Corporate healthcare conglomerates are deep pockets. It wouldn't surprise me in the least to see a buyout offer by a suitor the size of a J&J or Abbott trying snatch up the company once they certify to detect E. Coli.
There is crazy leverage here against the status quo, and a wholesale-acquisition arrangement might make sense given that laser backscatter cell counters and ID software are in use for other purposes. It's not a huge stretch to imagine some of the IP being contested at some point. Having a large-cap legal department on board could also come in handy for protecting the IP against infringement abroad.
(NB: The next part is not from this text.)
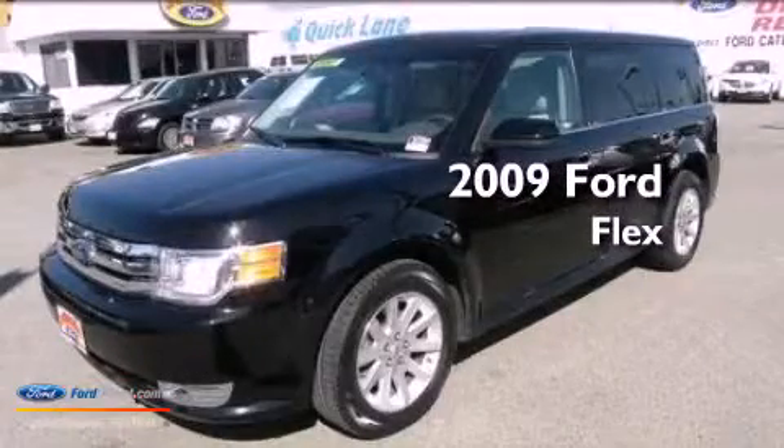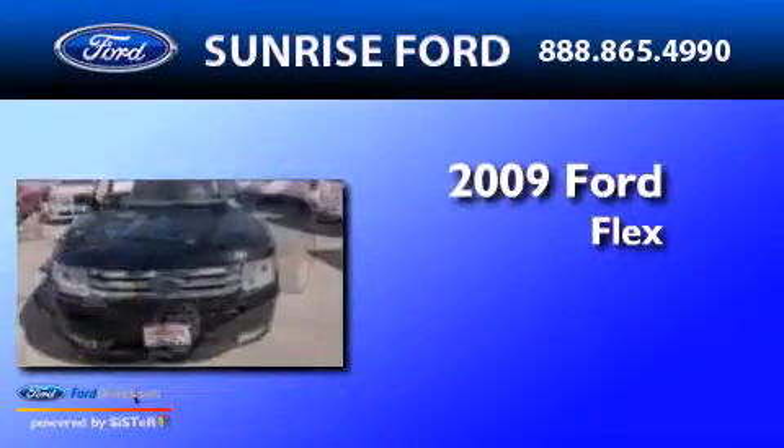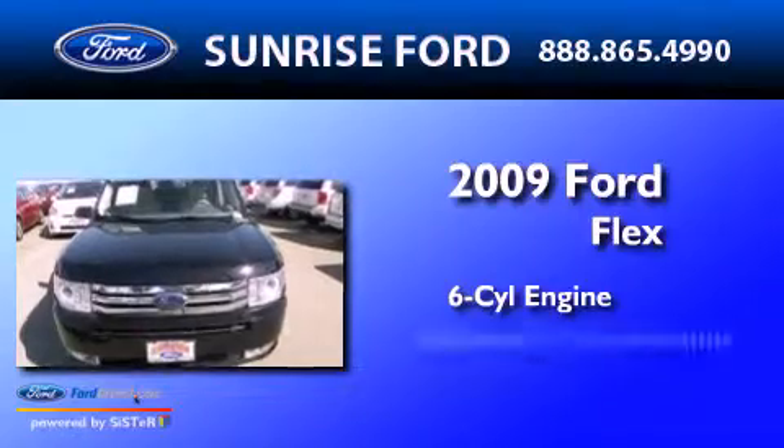This is a 2009 Ford Flex. It has a six-cylinder engine and an automatic transmission.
In return, a large-scale corporate entity could implement the IP quickly and tap into a solid revenue stream with minimal competition, effectively locking in new market cap.
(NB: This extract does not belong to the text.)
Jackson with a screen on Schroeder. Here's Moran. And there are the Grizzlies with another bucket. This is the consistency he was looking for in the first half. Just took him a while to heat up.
Reading about Brennan's previous endeavors, his inside ownership, and how he and Frank have certainly put their money on the line to continue this company, all point to the continued development of the MIT-1000. I would compare the MIT-1000 vs. conventional testing leverage to the relationship between Microsoft and Royal typewriters in the early 80's. If the business interests package and promote the technology effectively, it should represent a de facto leap forward in a vital sector.
Just thinking in pixels. I'm sure a few here will want to yammer away about no sales, no revenues, no hope-in-hell. Tell it to AOAC or NAMSA. This is high risk, but I'll be tempted to bite at my target price. We're close.